In my experience, a queue system is the worst thing to find out isn't scaling pr...

mlyle · on Sept 25, 2023

> and are confident you'll be working at tens of tasks per second forever.

It's more like a few thousand per second, and enqueues win, not dequeues like you say... on very small hardware without tuning. If you're at tens of tasks per second, you have a whole lot of breathing room: don't build for 100x current requirements.

https://chbussler.medium.com/implementing-queues-in-postgres...

> eventually your dequeue queries will throttle each other's locks a

This doesn't really make sense to me. To me, the main problem seems to be that you end up with having a lot of snapshots around.

Karrot_Kream · on Sept 25, 2023

> https://chbussler.medium.com/implementing-queues-in-postgres...

This link is simply raw enqueue/dequeue performance. Factor in workers that perform work or execute remote calls and the numbers change. Also, I find when your jobs have high variance in times, performance degrades significantly.

> This doesn't really make sense to me. To me, the main problem seems to be that you end up with having a lot of snapshots around.

The dequeuer needs to know which tasks to "claim", so this requires some form of locking. Eventually this becomes a bottleneck.

> don't build for 100x current requirements

What happens if you get 100x traffic? Popularity spikes can do it, so can attacks. Is the answer to just accept data loss in those situations? Queue systems are super simple to use. I'm counting "NOTIFY/LISTEN" on Postgres as a queue, because it is a queue from the bottom up.

mlyle · on Sept 25, 2023

> Factor in workers that perform work or execute remote calls and the numbers change.

These don't occur on the database server, though... This merely affects the number of rows currently claimed.
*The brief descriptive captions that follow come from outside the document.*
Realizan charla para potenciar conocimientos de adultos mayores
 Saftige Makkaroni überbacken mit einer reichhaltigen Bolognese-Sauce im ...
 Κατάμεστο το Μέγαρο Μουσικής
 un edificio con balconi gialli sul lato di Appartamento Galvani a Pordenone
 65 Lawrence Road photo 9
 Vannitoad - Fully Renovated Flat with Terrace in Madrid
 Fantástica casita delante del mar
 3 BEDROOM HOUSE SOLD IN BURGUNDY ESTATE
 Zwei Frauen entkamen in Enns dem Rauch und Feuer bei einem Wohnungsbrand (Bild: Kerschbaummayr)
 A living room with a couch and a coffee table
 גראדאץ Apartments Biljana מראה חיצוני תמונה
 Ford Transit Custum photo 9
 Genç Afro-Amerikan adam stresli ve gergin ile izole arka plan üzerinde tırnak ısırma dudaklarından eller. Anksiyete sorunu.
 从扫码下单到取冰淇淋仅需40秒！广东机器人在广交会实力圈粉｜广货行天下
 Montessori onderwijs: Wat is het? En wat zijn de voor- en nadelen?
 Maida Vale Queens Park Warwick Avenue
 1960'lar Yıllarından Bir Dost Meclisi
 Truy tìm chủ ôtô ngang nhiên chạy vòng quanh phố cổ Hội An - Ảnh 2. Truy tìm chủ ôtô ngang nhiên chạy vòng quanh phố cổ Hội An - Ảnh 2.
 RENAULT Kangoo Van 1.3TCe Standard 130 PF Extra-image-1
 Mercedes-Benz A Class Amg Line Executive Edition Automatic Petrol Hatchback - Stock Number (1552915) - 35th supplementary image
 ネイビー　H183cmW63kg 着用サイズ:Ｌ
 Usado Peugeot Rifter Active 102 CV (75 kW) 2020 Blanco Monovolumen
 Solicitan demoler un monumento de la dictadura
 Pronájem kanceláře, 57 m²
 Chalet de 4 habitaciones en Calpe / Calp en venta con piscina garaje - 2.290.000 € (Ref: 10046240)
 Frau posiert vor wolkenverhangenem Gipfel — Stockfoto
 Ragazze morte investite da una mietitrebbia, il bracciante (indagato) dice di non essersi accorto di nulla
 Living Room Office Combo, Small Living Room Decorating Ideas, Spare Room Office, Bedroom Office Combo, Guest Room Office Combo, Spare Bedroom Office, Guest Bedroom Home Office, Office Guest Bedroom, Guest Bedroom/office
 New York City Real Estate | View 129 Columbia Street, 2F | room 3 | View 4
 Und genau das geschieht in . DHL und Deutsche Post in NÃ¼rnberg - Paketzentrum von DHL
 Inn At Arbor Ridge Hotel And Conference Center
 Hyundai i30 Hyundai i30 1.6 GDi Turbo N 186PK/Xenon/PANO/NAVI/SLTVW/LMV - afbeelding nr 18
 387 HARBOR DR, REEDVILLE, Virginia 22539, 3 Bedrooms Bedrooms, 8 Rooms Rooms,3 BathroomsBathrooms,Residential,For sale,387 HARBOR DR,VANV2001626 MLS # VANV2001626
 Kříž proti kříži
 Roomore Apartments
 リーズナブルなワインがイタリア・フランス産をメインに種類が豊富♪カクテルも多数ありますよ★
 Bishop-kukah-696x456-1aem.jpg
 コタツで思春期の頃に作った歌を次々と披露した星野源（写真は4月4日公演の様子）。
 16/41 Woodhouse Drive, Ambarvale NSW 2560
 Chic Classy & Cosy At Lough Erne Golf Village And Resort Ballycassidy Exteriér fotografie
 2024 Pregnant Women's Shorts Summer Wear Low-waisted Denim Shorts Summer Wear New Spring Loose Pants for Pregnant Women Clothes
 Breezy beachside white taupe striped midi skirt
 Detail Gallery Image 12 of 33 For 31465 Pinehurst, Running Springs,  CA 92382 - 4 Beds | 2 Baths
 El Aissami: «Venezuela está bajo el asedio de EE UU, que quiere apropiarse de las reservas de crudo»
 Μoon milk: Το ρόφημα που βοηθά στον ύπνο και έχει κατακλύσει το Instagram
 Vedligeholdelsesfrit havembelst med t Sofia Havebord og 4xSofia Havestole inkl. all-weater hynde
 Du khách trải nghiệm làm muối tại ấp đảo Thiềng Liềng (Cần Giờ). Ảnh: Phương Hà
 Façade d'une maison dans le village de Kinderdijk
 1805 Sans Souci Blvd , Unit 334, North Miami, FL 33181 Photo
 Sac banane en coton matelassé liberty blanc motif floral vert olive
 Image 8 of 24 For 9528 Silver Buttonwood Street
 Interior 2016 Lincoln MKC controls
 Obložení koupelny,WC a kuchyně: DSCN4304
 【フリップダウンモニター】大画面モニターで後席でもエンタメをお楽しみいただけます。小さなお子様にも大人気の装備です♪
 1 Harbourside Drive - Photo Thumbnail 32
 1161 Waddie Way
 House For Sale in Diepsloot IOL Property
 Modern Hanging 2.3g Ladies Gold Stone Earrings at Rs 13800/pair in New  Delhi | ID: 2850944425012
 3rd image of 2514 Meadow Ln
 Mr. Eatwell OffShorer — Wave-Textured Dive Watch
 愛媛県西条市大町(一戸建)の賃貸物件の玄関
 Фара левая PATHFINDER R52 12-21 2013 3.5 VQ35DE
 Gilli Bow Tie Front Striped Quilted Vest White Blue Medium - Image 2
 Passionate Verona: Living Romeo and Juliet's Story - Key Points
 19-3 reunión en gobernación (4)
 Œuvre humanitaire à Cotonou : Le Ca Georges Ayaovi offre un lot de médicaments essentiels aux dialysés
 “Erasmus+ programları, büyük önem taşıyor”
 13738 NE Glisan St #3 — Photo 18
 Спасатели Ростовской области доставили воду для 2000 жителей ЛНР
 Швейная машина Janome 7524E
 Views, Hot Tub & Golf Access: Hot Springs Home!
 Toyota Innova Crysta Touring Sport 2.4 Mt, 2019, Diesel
> The dequeuer needs to know which tasks to "claim", so this requires some form of locking. Eventually this becomes a bottleneck.

These are just try locks, though-- the row locks are not contended. The big thing you run into is having lots of snapshots around and having to skip a lot of claimed rows for each dequeue.

> What happens if you get 100x traffic? Popularity spikes can do it, so can attacks.

If you get 100x the queueing activity for batch jobs, you're going to have stuff break well before the queue. It's probably not too easy to get 100x the drain rate, even if your queue system can handle it.

This scales well beyond 100M batch tasks per day, which gets you to 1M users with 100 tasks/day each.

sgarland · on Sept 25, 2023

> What happens if you get 100x traffic?

Throttle the inputs. Rate-limiting doesn’t belong to the data layer.

While throttling due to organic popularity isn’t great, I’d argue the tradeoffs might be worthwhile. If it looks like the spike will last, stand up Redis during the throttling, double-write, and throttle down the Postgres queue until it’s empty. If you really need to, take a 15 minute outage to just copy data over.

nerpderp82 · on Sept 25, 2023

What happens when you get 500x the traffic or 50x?

How does the system behave when the traffic rate is higher for which it was designed for or can currently handle? Because that number will always be there, even in a "scalable" system. One won't be able to add capacity at the same rate that work will increase.

asdfaoeu · on Sept 25, 2023

NOTIFY/LISTEN isn't a queue it has broadcast semantics. Postgres queueing is really just the SELECT FOR UPDATE SKIP LOCKED, the NOTIFY/LISTEN allows you to reduce the latency a bit but not essential.

hu3 · on Sept 25, 2023

> What happens if you get 100x traffic?

This line of reasoning is desirable for FAANGS, but can bankrupt startups that need to move fast and get shit done.

klauserc · on Sept 25, 2023

If you find yourself in that situation, migrating to a more performant queuing solution is not that much of a leap. You already have an overall system architecture that scales well (async processing with a queue).

_Ideally_ the queuing technology is abstracted from the job-submitters/job-runners anyway. It's a bit more work if multiple services are just writing to the queue table directly.

I agree that the _moment_ the system comes to a screeching halt is definitely not fun.

asdfaoeu · on Sept 25, 2023

You are going to have the same scaling issues with your datastore. I don't really understand why you say that your dequeue queries will throttle each others locks and grind it to a half? Isn't that the whole point of SKIP LOCKED?